### SUPPLIED RECORDS
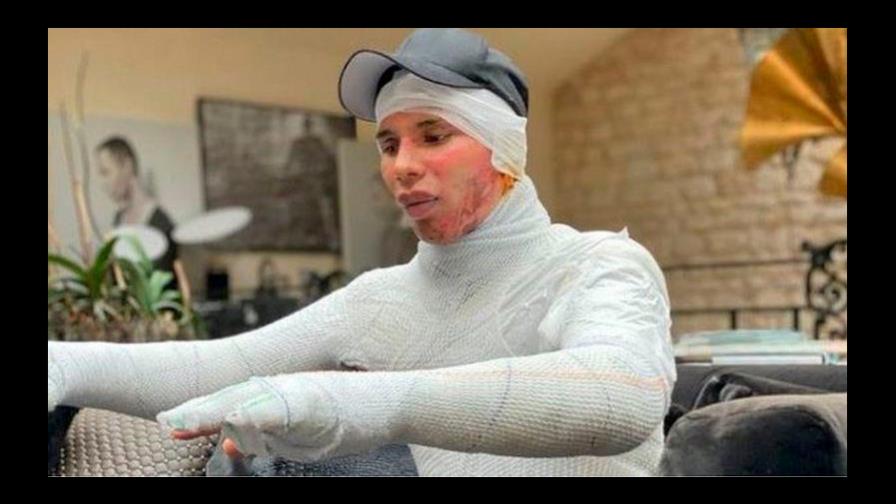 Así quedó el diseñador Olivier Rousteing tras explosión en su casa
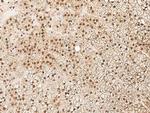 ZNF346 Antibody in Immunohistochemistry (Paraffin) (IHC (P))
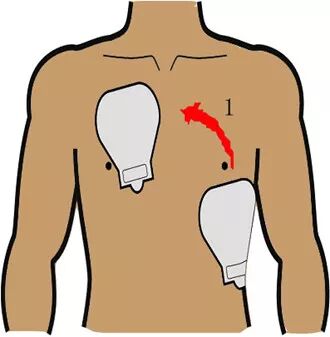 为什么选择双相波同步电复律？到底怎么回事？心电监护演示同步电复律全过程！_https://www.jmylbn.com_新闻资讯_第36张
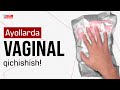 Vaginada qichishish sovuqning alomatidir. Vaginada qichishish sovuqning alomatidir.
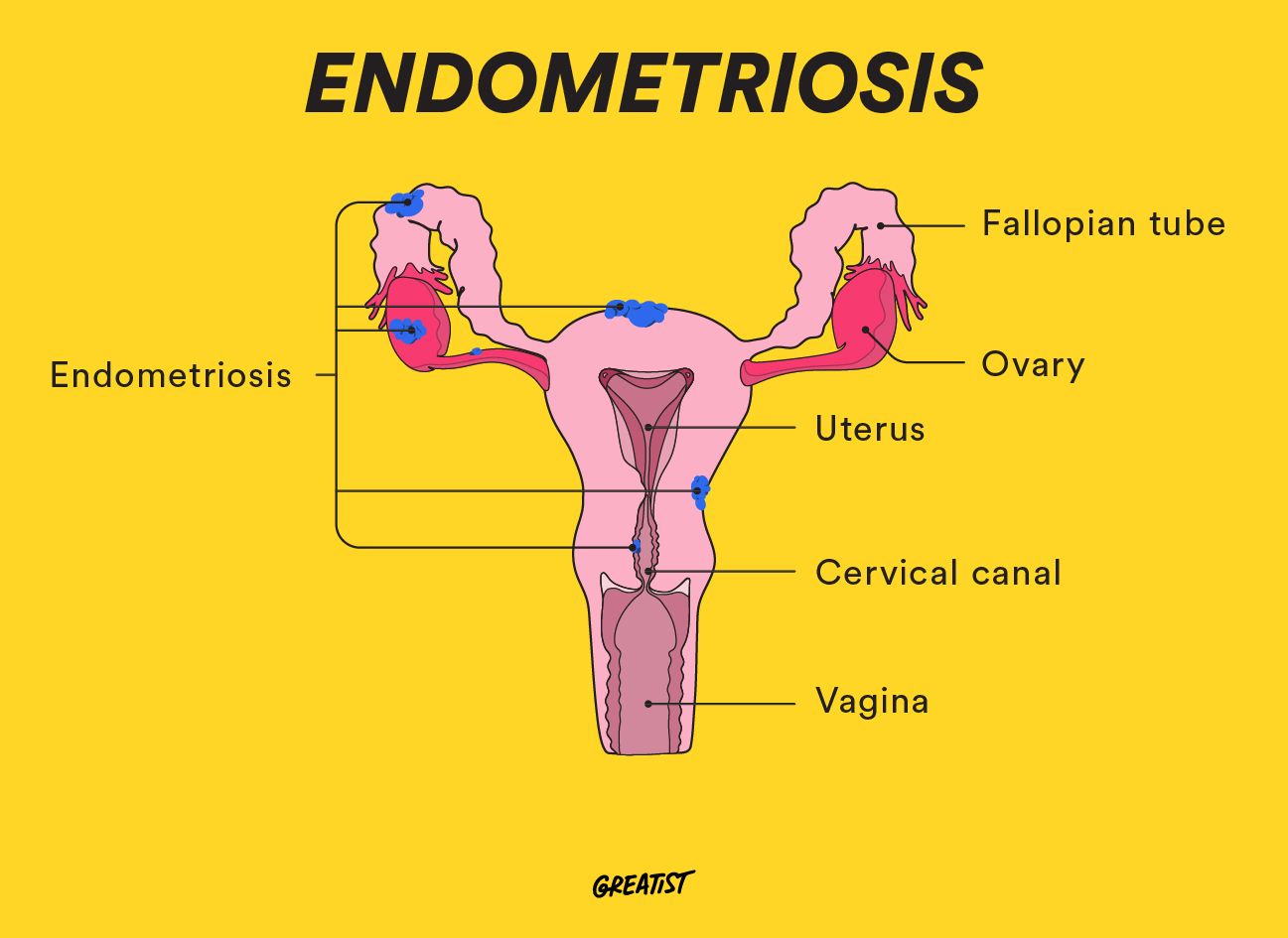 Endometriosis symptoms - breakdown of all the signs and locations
--
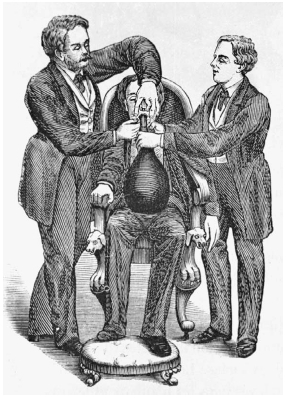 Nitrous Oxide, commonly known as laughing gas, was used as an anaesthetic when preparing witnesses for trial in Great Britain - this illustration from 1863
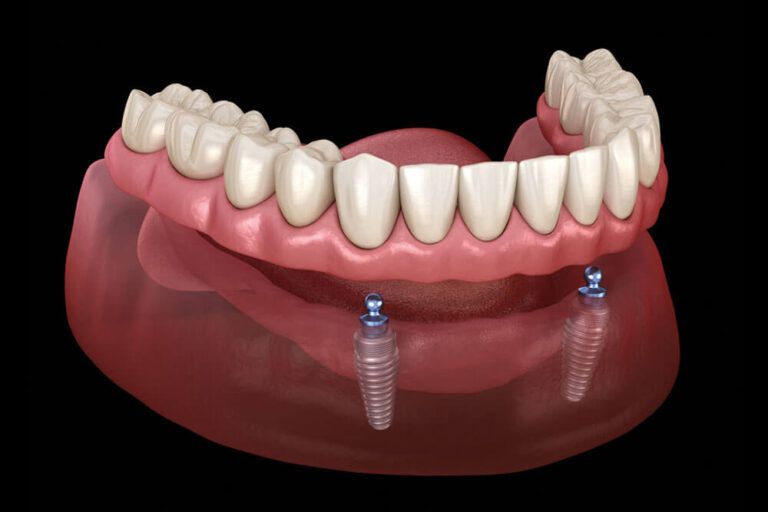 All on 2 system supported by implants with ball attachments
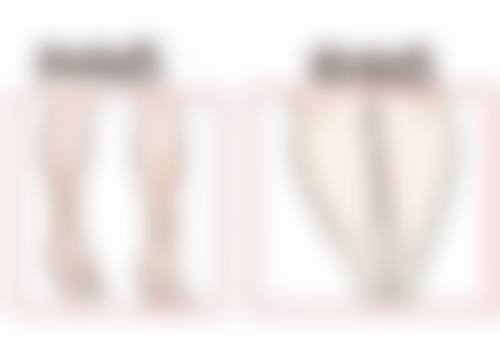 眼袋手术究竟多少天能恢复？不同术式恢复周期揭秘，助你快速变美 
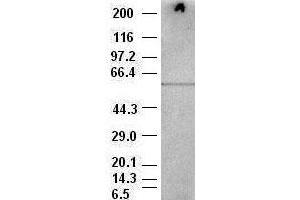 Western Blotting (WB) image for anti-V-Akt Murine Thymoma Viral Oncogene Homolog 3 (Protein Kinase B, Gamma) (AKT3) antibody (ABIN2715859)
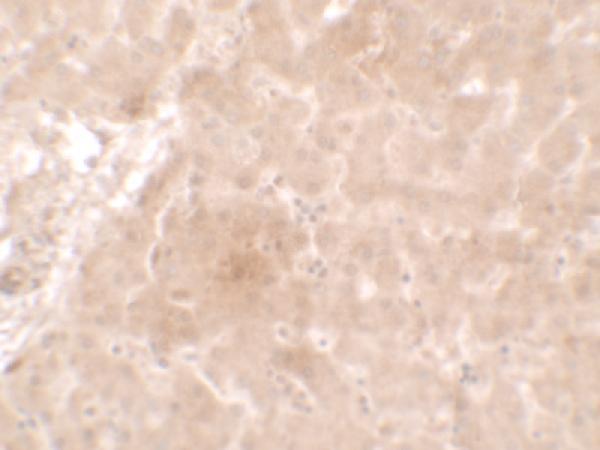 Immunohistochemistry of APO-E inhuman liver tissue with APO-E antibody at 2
---
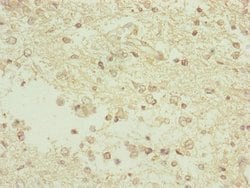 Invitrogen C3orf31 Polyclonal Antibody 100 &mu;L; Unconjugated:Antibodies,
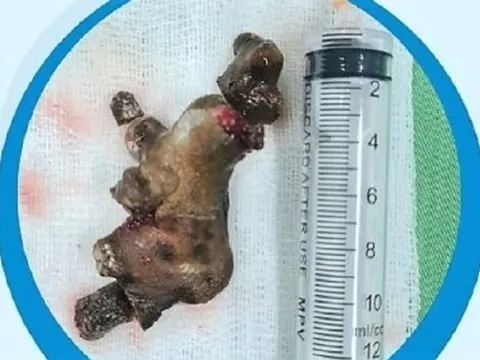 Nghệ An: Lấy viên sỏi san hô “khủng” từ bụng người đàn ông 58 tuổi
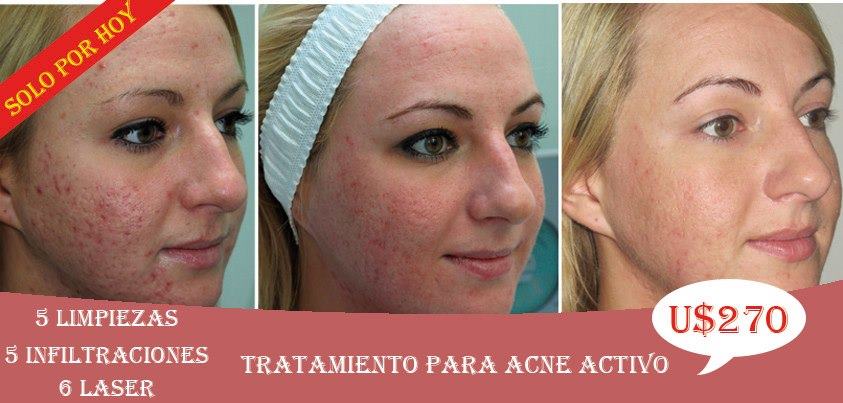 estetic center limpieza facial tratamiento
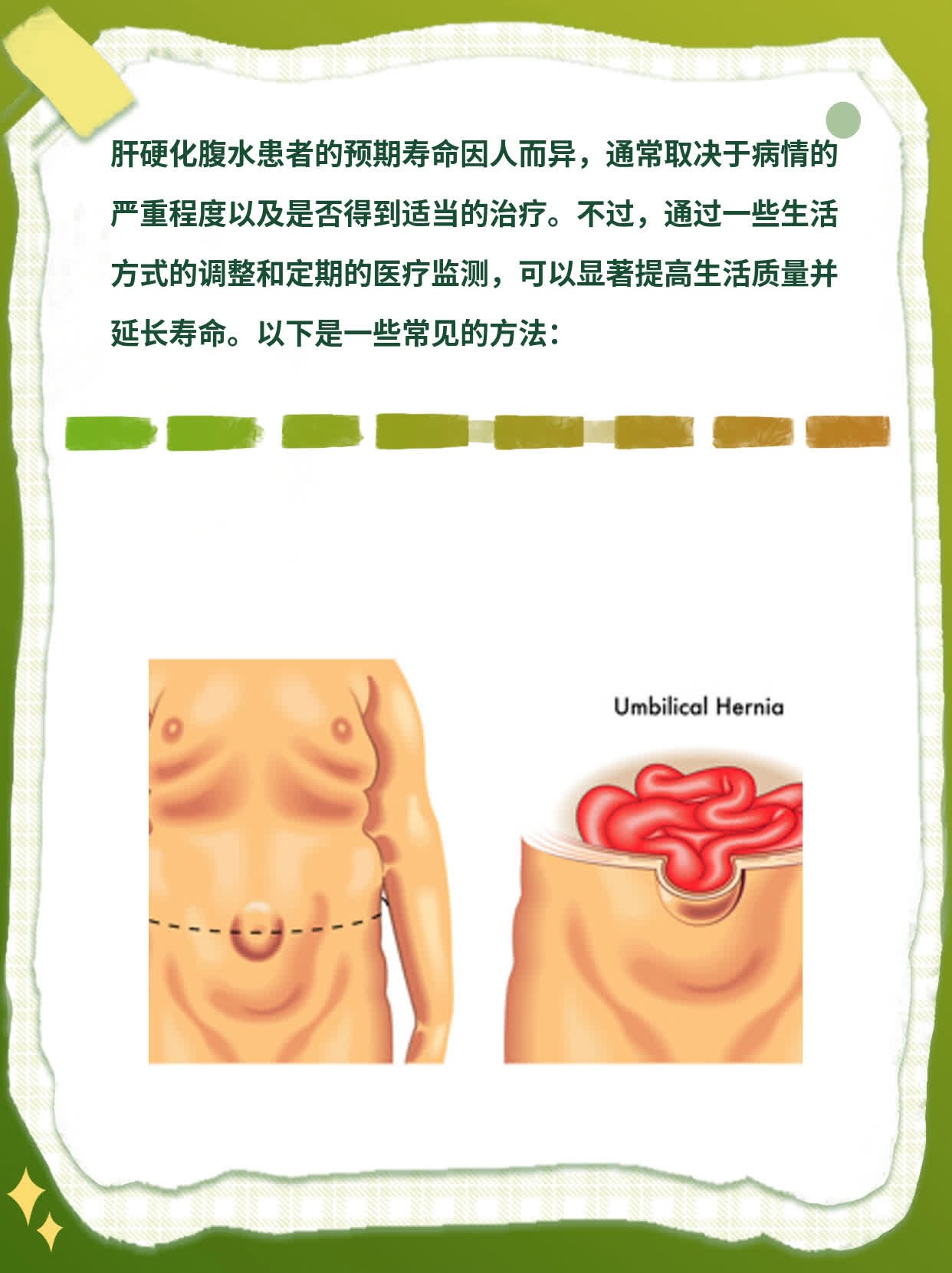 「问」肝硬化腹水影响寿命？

### TASK DESCRIPTION
Please set down, exactly and with no pictures, the lines in the entries above starting at the one holding "Así quedó el" and ending at the one holding "为什么选择双相波同步电复律？", ends included.

### RESULT OF THE EXERCISE
 Así quedó el diseñador Olivier Rousteing tras explosión en su casa
 ZNF346 Antibody in Immunohistochemistry (Paraffin) (IHC (P))
 为什么选择双相波同步电复律？到底怎么回事？心电监护演示同步电复律全过程！_https://www.jmylbn.com_新闻资讯_第36张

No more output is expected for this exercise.